Una de las historias más extrañas que me hayan contado la escuché y la viví en el cementerio de trenes de Uyuni. Éste es el nombre de la ciudad capital de la provincia de Antonio Quijarro,  en una zona desértica, específicamente del desierto de sal más grande y más alto del mundo.

Está ubicado en el sudoeste de Bolivia, a 3.663 metros sobre el nivel del mar.

La ciudad está a pasos del salar, sus calles polvorientas son fiel reflejo de lo seco del clima. Ciertas zonas de la misma, y en medio de la noche, se torna siniestra, oscura, y sólo transitada por perros hambrientos que deambulan, en busca de comida, entre la basura acumulada en sus esquinas, hasta que el servicio municipal pasa a recogerlas.  Es pintoresca en las horas de luz; pero asusta en medio de la noche.

Una tarde que terminaba en un hermoso y rojizo atardecer llegué al cementerio de trenes de la ciudad.
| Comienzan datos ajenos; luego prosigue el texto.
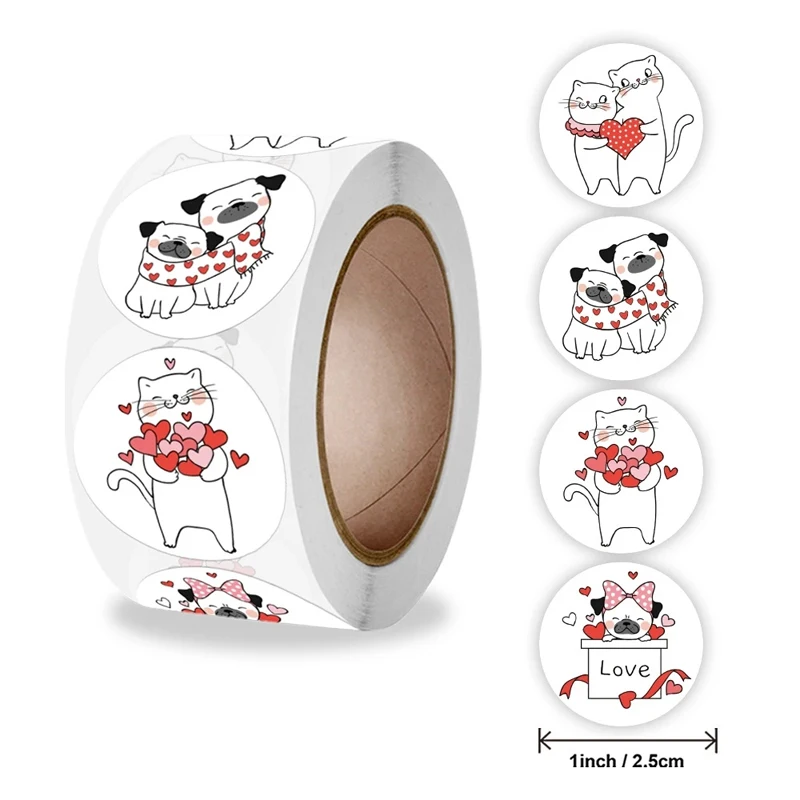 

100-500Pcs Cute Animal Valentine's Day Stickers 1 Inch Round Scrapbook Sticker For Wedding Party Gift Box Decor Supplies Sticker
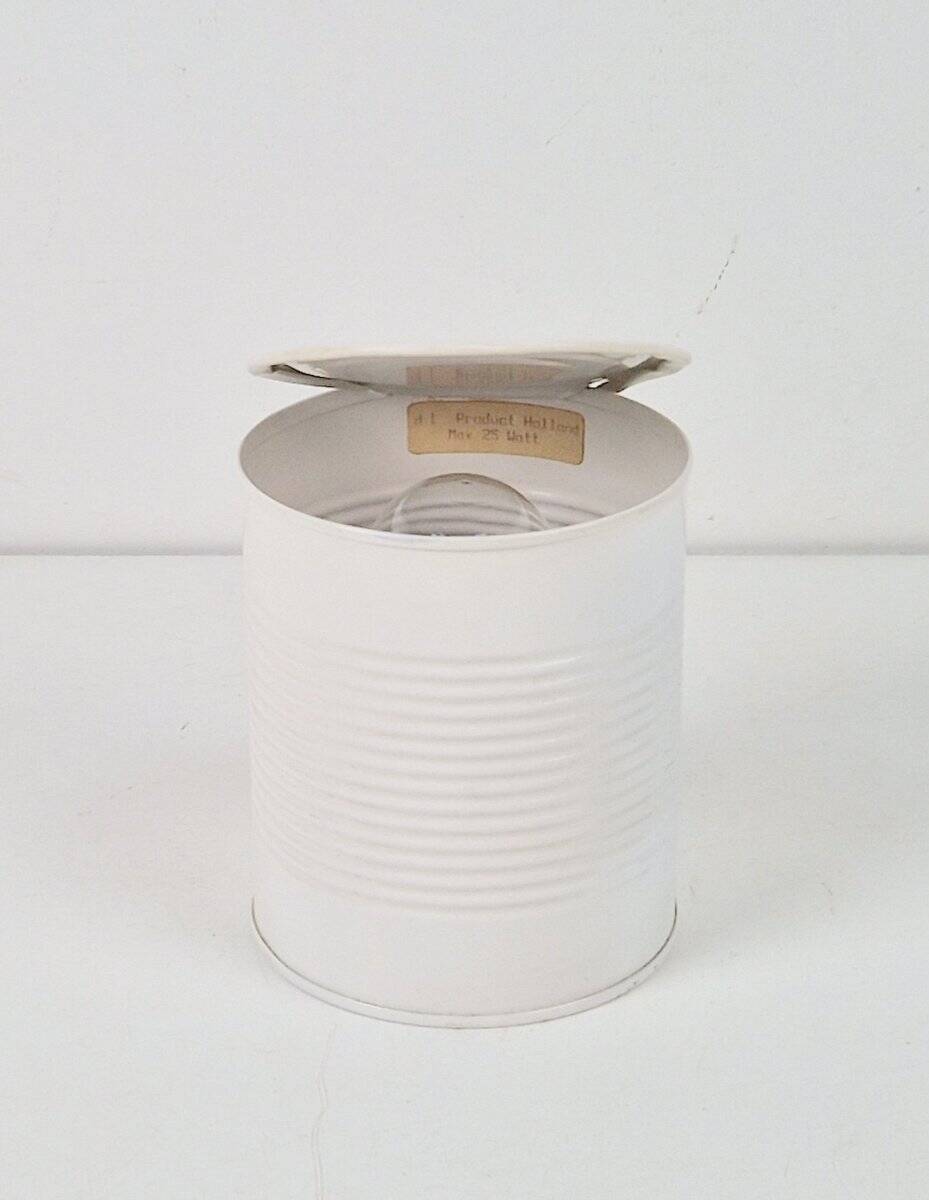 Pop Art White Metal Can Table Lamp by Vrieland, 1970s
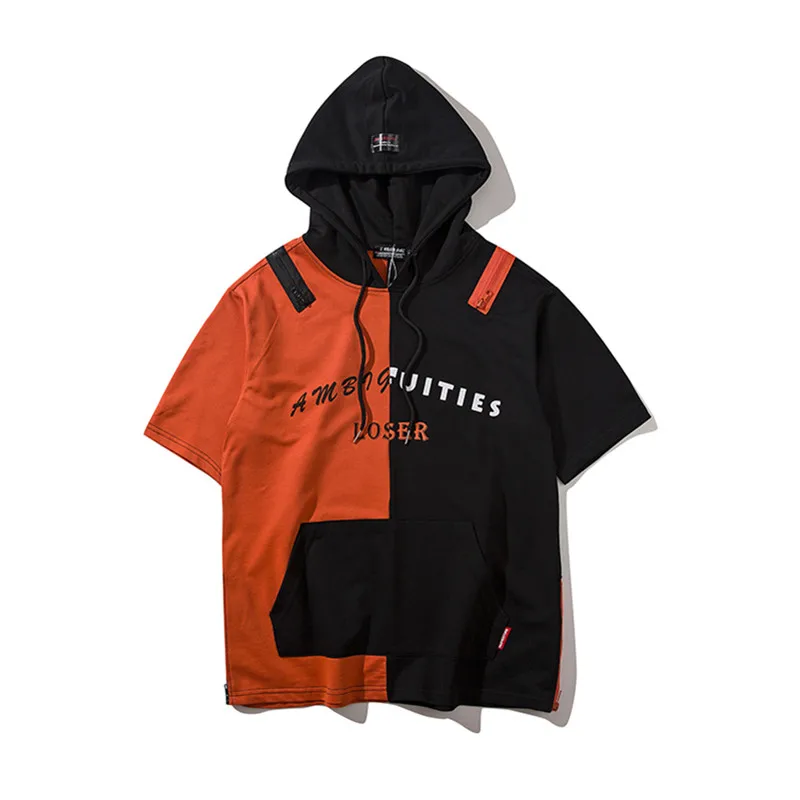 Fashion Streetwear Hoodies Men Brand Patchwork Design Hip hop Hooded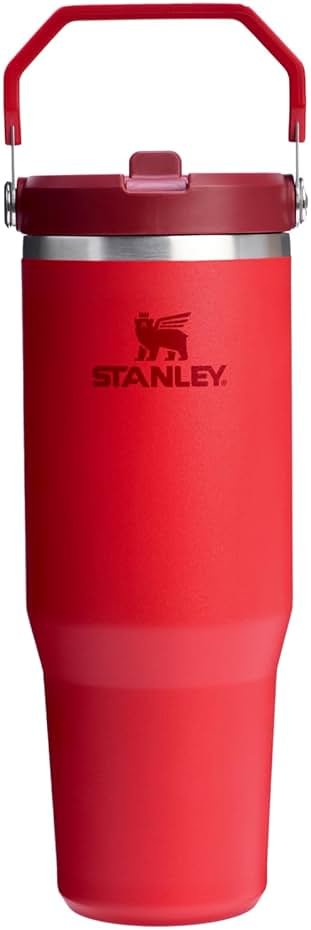 STANLEY IceFlow 2.0 Flip Straw Tumbler with Handle 30 oz | Twist On Lid and Flip Up Straw | Leak Resistant Water Bottle | Insulated Stainless Steel | BPA-Free | Chili Red - Product Image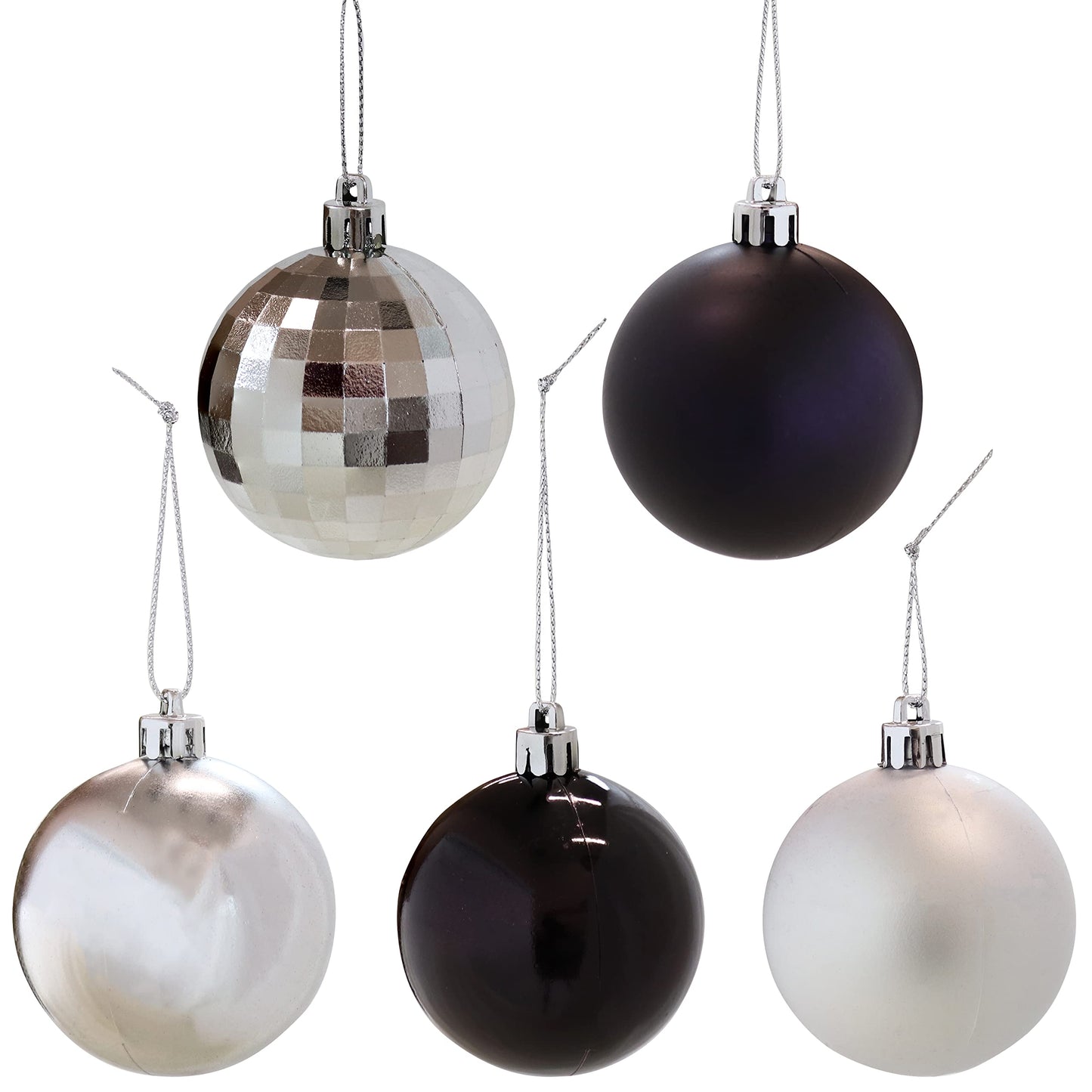 Sunnydaze Modern Holiday 50ct Christmas Ornament Balls - 5 Styles of Shatterproof Christmas Decorations for Tree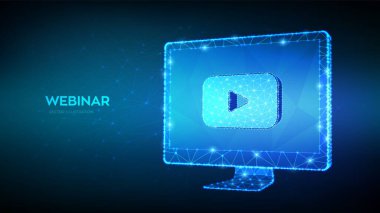 Giyin. Webinar simgesi olan soyut düşük çokgen bilgisayar monitörü. İnternet konferansı. Web tabanlı seminer. Mesafe öğrenme. E-öğrenme işi teknolojisi sembolü. Vektör illüstrasyonu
Era parte de un contingente de turistas que, cansado tras una agotadora jornada, sufría unos temblores incontrolables, producto de escalofríos. Aclaro que no era el miedo la causa del temblor, pues estaba el lugar con un tono cálido de la arenisca, de las piedras, más el rojo oxidado de las chapas y los hierros de los desvencijados esqueletos de las antiguas máquinas a vapor. Sin embargo, es cierto que no podía contener el temblor, cual vara de junco ante la brisa temblaba.

Miré en derredor y pensé en qué hermosas imágenes podría registrar, en los ángulos, la puesta de sol capturada desde la ventanilla del vagón del conductor o desde una porción de la estructura del tren debajo de la sala del maquinista, creando el marco para la foto. O quizás ese mismo rojo sol al final de las vías… Sin embargo, lo que no olvidaré de aquella tarde – que se transformó rápidamente en noche –  será el claro sonido de un tren acercándose.

Una suave brisa soplaba en aquella tardecita de verano, donde la temperatura pasó de 20 a poco más de diez, en muy poco tiempo. Estas vías aún albergaban a los viejos esqueletos de estos añosos trenes abandonados que dejaron escapar aquí sus últimas bocanas de vapor. Sí, hasta aquí llegaron por la fuerza que se expandía desde esas calderas y que rápidamente se enfriaron, perdiendo todo el esplendor de sus años dorados. Se extraviaron en la oscura noche del desierto de sal bajo la mirada impávida de las estrellas.

El silencio se apoderó de la zona.

Por un instante todo pareció en calma; pero sólo por un instante. Los más jóvenes de la expedición pedían un poco más de tiempo, lo necesario para capturar la última foto, la última imagen con el sol como estrella principal.  De repente alguien gritó: shh  ¿escuchan eso? Sin embargo el silencio fue total. No se oyó absolutamente nada. Nos miramos y miramos, a su vez, al que dio la voz de alerta. Él, con la mano, señaló que nos quedáramos en silencio. Poco a poco, se percibió, ahora sí, como un murmullo primero, luego casi como un viento, el sonido de un tren en movimiento. Cada segundo pareció eterno. El sonido fue in crescendo. Pero se detuvo, en seco. La oscuridad, en ese momento, era total. A cien metros sólo las luces del ómnibus aparecían pálidas, tenues, mortecinas. Aunque eran el único indicio de algo en movimiento, vivo. Todo lo demás aparecía quieto, invariable, definitivamente muerto. Nos acercamos en silencio total hacia aquellas luces conocidas. Subimos al bus sin decir ni a.

 Finalmente, la guía del grupo nos contabilizó, uno por uno, que la mirábamos sentados en nuestros asientos. Treinta y uno -dijo. No falta nadie… -aclaró.  Nos convocó a todos en un sector del vehículo y nos expuso que aquel sonido que oímos fue escuchado por otros también. Cada tanto – prosiguió – se escucha este sonido tan característico del tren en movimiento. Sin embargo – aseguró – ninguno de estos trenes se mueve, ningún tren llega hoy hasta aquí. Todo está muy alejado.

Pero, por algún extraño motivo, a veces, se escucha…

Somos – hizo una pausa – afortunados.

No entendimos qué quiso decir; pero tampoco le preguntamos.